When the gaps makes me bothered I did my part to become their close partner or close teacher for me not to bothered any hesitations. So, mostly I was close to all boys in Senior High so that It's easy for me to establish rapport for everyone.
This person that I actually close was my former student. He is so kind and active in class. He really respect me as his student teacher and as his mentor in all kind. It's been a year that he contacted me in facebook. It's nothing and he is just remember me as his once a teacher.
We absolutely establish so much closeness as the country implemented lockdown for the first time. We really build a closeness relationship of being a friend. He actually calls me a 'coach' because when he calls me ma'am, he feels like there's an authority and a certain distant between me and him. That time I'm not in a relationship and he is as well so, no bothered for both of us to keep in touch. There's no day that he cannot show his concerns for me, he even shared his life with me when it comes family problems, schools, or even his personal life. I just so kind and willing to listen in his non sense and very dramatic life. Our closeness even more tighter when he invited me to join his addicted online games. That was the time that we are so open up about our exe's too. When the time that he tried to have my number because he wanted to have someone to talked to. When this things happened he always ask permission that he will call me and shared his imperfect life, he even cry at me over phone for he is so hopeless about life and schools. Yeah! I forgot he is a first year college and took up a criminology at Cavite State University. We even more closer as he more open up with me. Obviously, I'm his one call away.
There were time that a little by little his approach with me is something change. With the reason with that was because his ex wanted to have a relationship again with him. So, our communication was already change as well. But then when life hit him again with painfulness he tried to contact me again. In my part that time was just I'm his open arms when he is in trouble. It was again a smooth closeness as he realized that he is not yet ready to be with someone again.
Well, time passed by that he is again healed with the help of me.
He keep trying again entertaining girls. He tried to court again his exes before until such time he already found the one. I don't know if it is already that one is for infinity. So, this time I was nowhere in his part. He forgot my position in his life. And he forgot to thank me that I was once his arms when he needed one. Actually, it's okay for me that he is already standing in his own. He already living his life that there were no coaches coming from his coach which is me.
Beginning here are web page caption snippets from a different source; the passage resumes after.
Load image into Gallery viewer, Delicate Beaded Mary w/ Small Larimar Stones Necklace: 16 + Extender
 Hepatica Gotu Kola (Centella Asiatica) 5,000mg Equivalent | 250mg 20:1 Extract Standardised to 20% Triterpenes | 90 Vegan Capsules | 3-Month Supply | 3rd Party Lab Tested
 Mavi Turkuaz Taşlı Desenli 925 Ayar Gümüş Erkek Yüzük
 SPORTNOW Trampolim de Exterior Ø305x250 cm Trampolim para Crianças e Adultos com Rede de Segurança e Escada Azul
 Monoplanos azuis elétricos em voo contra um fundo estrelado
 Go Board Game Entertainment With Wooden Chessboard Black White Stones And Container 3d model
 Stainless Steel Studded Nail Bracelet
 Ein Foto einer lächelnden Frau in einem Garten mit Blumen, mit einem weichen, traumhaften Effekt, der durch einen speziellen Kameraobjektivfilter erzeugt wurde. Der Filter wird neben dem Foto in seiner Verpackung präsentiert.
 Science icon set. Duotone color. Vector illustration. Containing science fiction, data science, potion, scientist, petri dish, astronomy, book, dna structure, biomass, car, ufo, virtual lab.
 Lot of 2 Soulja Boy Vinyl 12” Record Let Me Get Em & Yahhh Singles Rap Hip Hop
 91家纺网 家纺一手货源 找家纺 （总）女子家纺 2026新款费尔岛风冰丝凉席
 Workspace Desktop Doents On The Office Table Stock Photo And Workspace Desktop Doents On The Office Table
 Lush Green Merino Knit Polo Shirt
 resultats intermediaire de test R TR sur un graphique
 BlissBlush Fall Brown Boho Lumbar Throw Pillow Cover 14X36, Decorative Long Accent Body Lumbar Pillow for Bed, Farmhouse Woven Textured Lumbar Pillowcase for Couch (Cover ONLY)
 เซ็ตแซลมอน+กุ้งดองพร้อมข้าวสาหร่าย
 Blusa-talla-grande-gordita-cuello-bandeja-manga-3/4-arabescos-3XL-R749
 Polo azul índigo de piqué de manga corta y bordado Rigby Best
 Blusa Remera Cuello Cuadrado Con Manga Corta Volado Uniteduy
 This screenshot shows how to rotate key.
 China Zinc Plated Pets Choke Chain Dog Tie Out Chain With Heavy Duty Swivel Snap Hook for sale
Actually last week, he chatted me and it's been years as well that he never even remember me as what the good things I've ever done and gave to him.
He chatted me that 'How am I? How's my lovelife? And I think he chatted me it's because he experiencing a down moments again but he felt doubt as he shared again with his problem with me. Hehehe maybe he realized that he will remember me when life hits him again.
Therefore, there are people will left you behind until such time they found their life to others. They will remember you when they needed someone without thinking that you are a human that needs someone as well. I can say that he is an inconstant person in my life that he is just there with me when he needs me.
Thankfully that this situation taught me of how life full of hope wherein no matter how insconstant they were, there will be a constant at the end.